Karanapaddhati is an astronomical treatise in Sanskrit attributed to Puthumana Somayaji, an astronomer-mathematician of the Kerala school of astronomy and mathematics. The period of composition of the work is uncertain. C.M. Whish, a civil servant of the East India Company, brought this work to the attention of European scholars for the first time in a paper published in 1834. The book is divided into ten chapters and is in the form of verses in Sanskrit. The sixth chapter contains series expansions for the value of the mathematical constant π, and expansions for the trigonometric sine, cosine and inverse tangent functions.

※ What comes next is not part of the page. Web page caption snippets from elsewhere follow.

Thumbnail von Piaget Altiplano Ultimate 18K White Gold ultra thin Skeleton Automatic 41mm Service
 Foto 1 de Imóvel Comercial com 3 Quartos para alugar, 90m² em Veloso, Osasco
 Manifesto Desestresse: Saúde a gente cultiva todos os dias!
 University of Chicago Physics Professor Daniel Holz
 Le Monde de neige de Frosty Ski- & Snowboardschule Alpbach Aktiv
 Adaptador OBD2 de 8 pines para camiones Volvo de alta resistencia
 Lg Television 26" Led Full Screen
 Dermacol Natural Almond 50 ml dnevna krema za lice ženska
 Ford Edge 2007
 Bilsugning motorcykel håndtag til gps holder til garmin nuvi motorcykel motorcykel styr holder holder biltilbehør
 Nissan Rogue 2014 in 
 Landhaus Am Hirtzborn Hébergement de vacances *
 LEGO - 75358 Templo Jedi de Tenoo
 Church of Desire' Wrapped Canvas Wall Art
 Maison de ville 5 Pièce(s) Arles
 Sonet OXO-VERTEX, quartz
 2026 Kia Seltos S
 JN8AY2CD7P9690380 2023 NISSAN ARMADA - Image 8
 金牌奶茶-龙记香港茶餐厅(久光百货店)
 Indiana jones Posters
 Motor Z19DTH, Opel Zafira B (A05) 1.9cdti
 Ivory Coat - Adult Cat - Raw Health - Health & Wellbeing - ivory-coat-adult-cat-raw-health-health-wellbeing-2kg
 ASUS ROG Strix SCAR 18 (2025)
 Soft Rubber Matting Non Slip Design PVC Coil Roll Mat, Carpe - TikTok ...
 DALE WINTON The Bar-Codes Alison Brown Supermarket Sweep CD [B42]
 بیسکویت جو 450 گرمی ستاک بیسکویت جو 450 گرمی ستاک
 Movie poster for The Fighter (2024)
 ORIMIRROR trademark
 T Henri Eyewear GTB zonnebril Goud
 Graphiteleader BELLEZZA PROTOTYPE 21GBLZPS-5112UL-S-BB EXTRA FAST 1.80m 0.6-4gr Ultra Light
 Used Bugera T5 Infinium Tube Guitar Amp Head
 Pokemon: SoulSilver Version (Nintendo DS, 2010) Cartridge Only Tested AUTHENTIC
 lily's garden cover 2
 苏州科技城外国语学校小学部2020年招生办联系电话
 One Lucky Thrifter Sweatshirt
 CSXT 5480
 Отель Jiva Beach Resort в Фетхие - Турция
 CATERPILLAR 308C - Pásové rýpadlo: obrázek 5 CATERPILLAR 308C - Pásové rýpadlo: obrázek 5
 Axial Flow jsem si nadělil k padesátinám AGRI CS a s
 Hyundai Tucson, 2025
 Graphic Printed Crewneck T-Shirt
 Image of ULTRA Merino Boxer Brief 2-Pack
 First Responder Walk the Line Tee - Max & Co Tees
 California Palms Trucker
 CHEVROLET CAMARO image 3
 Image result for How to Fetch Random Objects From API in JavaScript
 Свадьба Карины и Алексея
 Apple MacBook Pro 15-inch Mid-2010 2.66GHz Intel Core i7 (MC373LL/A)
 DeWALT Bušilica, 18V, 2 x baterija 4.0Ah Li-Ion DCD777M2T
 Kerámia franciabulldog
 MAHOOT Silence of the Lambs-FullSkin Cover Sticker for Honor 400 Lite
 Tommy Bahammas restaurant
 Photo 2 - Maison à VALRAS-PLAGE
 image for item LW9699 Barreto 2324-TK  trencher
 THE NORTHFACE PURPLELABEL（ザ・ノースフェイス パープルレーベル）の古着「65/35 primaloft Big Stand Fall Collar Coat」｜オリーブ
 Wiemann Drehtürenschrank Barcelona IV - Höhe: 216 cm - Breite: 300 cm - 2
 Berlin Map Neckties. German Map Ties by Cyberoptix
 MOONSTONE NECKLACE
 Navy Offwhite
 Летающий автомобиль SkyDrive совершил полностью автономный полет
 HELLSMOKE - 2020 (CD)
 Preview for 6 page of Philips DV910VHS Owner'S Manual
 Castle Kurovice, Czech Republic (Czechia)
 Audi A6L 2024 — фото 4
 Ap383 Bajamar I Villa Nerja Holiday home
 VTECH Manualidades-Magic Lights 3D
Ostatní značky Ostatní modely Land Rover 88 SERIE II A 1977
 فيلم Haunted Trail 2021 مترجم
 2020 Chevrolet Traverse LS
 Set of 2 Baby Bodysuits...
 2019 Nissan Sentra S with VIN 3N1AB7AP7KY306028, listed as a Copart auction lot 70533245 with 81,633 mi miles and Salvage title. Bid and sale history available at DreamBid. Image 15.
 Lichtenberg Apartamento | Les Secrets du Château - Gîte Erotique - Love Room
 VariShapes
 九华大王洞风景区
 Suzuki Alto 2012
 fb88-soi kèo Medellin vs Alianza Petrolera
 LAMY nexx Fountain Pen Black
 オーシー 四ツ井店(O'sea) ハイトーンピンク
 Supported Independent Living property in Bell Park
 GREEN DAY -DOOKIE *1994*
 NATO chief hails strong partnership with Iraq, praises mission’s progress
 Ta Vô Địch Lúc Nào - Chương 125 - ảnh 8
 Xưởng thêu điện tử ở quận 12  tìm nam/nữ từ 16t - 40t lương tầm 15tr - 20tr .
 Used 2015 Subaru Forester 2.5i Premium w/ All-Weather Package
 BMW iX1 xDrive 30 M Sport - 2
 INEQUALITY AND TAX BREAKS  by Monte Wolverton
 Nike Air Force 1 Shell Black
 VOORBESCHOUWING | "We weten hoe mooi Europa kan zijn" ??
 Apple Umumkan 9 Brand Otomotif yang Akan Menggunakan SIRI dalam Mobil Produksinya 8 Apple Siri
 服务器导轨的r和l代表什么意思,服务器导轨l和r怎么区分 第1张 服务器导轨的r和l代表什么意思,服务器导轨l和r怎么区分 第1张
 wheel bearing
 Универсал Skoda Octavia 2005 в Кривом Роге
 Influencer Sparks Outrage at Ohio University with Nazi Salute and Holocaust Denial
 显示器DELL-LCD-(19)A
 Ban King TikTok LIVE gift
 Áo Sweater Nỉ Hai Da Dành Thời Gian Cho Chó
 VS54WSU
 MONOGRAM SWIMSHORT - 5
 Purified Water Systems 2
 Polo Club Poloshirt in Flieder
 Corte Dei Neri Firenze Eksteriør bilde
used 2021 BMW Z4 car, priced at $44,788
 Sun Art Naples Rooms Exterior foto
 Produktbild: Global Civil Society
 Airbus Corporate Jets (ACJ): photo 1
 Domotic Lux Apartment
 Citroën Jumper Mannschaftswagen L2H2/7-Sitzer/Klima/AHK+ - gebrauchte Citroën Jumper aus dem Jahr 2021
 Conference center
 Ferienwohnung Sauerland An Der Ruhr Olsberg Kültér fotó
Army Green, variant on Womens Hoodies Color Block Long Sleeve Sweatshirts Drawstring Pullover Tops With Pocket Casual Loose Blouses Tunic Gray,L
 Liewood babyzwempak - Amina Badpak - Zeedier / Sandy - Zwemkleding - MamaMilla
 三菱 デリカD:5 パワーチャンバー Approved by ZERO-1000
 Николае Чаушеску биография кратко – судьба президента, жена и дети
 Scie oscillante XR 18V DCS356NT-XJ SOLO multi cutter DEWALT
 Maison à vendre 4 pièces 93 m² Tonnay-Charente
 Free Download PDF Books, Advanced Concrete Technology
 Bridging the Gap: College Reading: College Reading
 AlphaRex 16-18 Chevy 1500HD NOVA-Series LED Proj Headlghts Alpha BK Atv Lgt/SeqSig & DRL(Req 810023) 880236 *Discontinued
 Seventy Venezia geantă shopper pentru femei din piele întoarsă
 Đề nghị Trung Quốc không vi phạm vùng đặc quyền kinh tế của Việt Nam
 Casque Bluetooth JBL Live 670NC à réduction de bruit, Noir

==Author and date of Karanapaddhati==

Nothing definite is known about the author of Karanapaddhati. The last verse of the tenth chapter of Karanapaddhati describes the author as a Brahamin residing in a village named Sivapura. Sivapura is an area surrounding the present day Thrissur in Kerala, India.

The period in which Somayaji lived is also uncertain. There are several theories in this regard.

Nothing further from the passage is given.